Starting her career in the 1970’s, Chantal Akerman is now widely regarded as one of the most significant artists and film directors of her generation. Profoundly influenced by Jean-Luc Godard’s Pierrot le fou (1965) Akerman enrolled at film school in Belgium but abandoned her studies to produce her first short Saute Ma Vie (1968).
She came to prominence with her first feature length film Je Tu Il Elle (1974) which she wrote in Paris in 1968. Since the 1990’s she has crossed over between film and visual art producing installations or environments for numerous exhibitions.
For this exhibition Akerman has brought together two installations alongside a single screen film from 1972, Hotel Monterey. Shot in real time and with loose plot structures, her works shift between experimental, documentary and narrative formats and are all closely related to the everyday, feminism, sexuality and her family history.
In Gallery 1, To Walk Next to One’s Shoelaces in an Empty Fridge (2004) is an enigmatic two part video installation that traces the content of Akerman’s maternal grandmother’s adolescent diary, a rare document of considerable age, miraculously discovered after she perished at Aushwitz.
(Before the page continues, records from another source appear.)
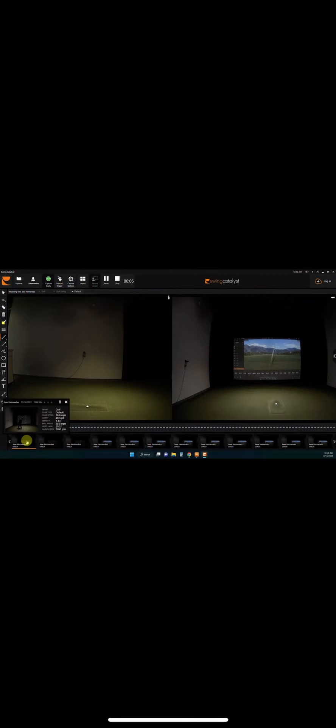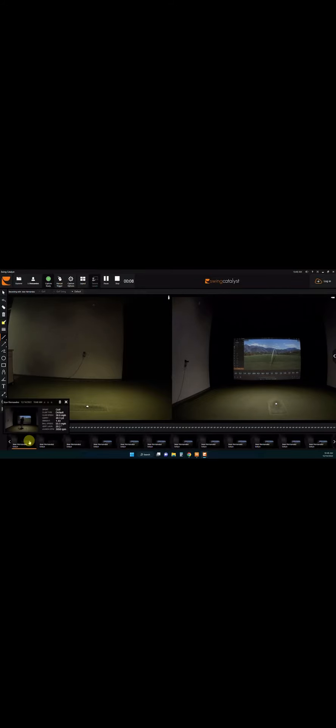That little setup where I gave you that right toe dropping back, what we call that is bowler. You're essentially bowling the ball towards this wall over here.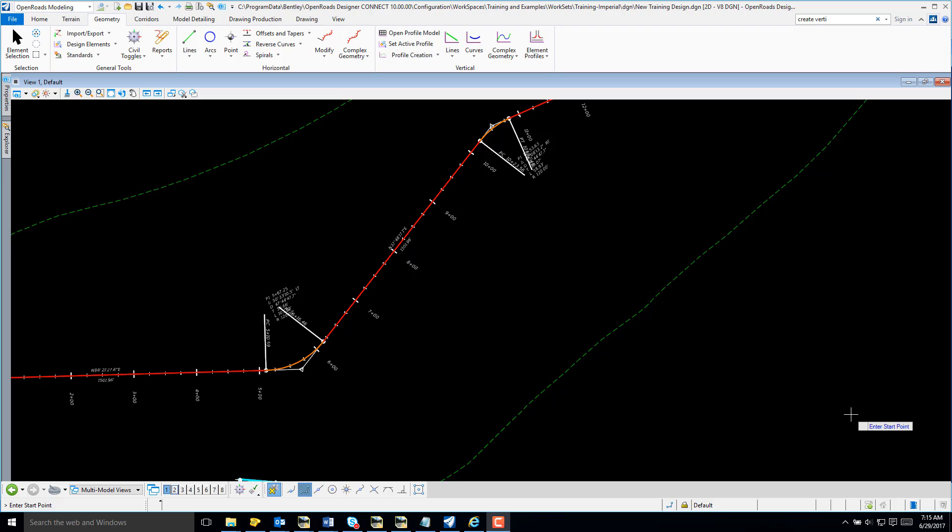In this video, I will demonstrate how to create a vertical alignment using OpenRoads Designer Connect Edition.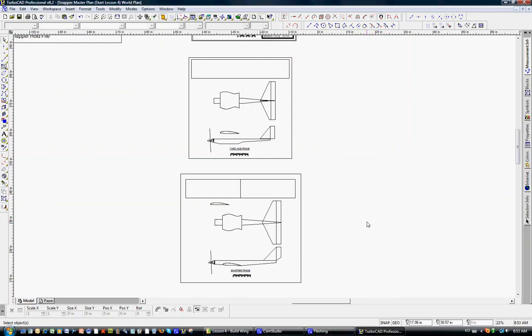Welcome to Lesson 4. We're going to build the wing for the snapper. In the previous lesson, we created the snapper frame with the general arrangements of tail moments, nose moments, wing size, etc.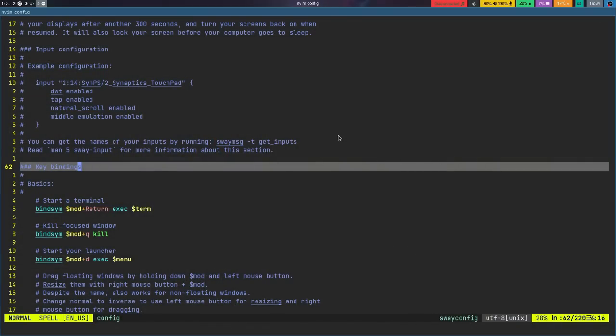Let me show you what my Sway window manager looks like right now. I haven't done too much to it over the last week or so. I've been trying to use it as stock as possible, outside of the bar. Even the bar is as stock as it comes, because this is Waybar, and it's the one that they recommend you use. It's kind of like Polybar — I'll talk about that later.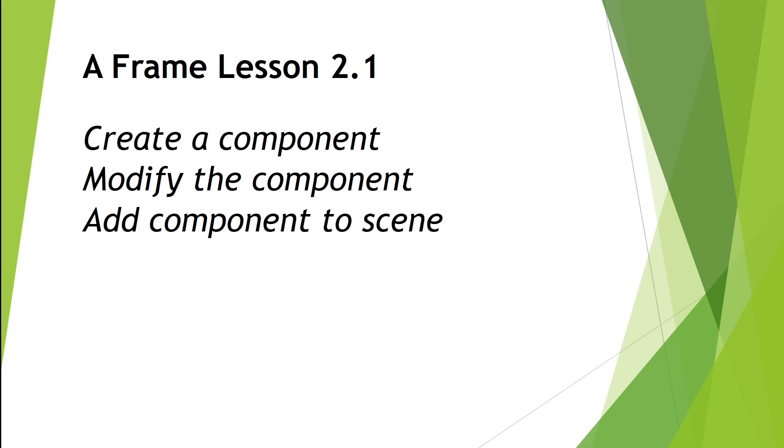Welcome to A-Frame Lesson 2.1. In this video series of Lesson 2, we're going to start using JavaScript to interact with A-Frame. In this particular video, we're going to create a component, modify it, and then ultimately add it to the scene. So let's get to it.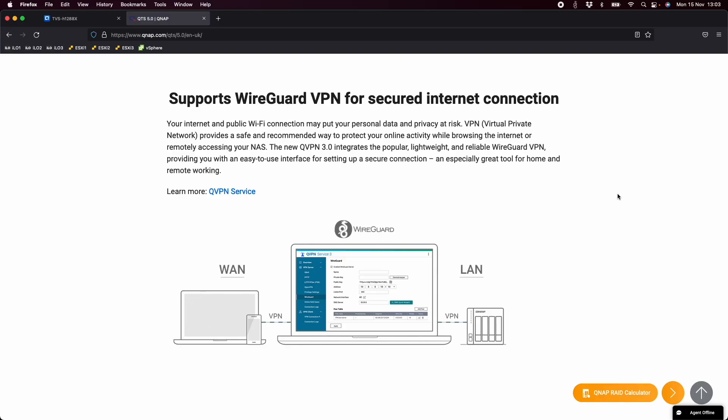Hi. Today I'd like to cover the WireGuard VPN protocol service that's built into our QTS5 operating system. This is one of the new features that you get when you upgrade to QTS5. It will also be part of QUTS Hero5 when that's released in a couple of weeks time as well.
By contrast, Women from Antwerp in November (2007) contains a compelling series of images reminiscent of early French and American film noir. Two projections screened opposite each other feature a number of women smoking in various settings. This exhibition touches on Akerman’s foundation in feminist filmmaking and her deep connection to a highly personal, yet distant, cinematic point of view.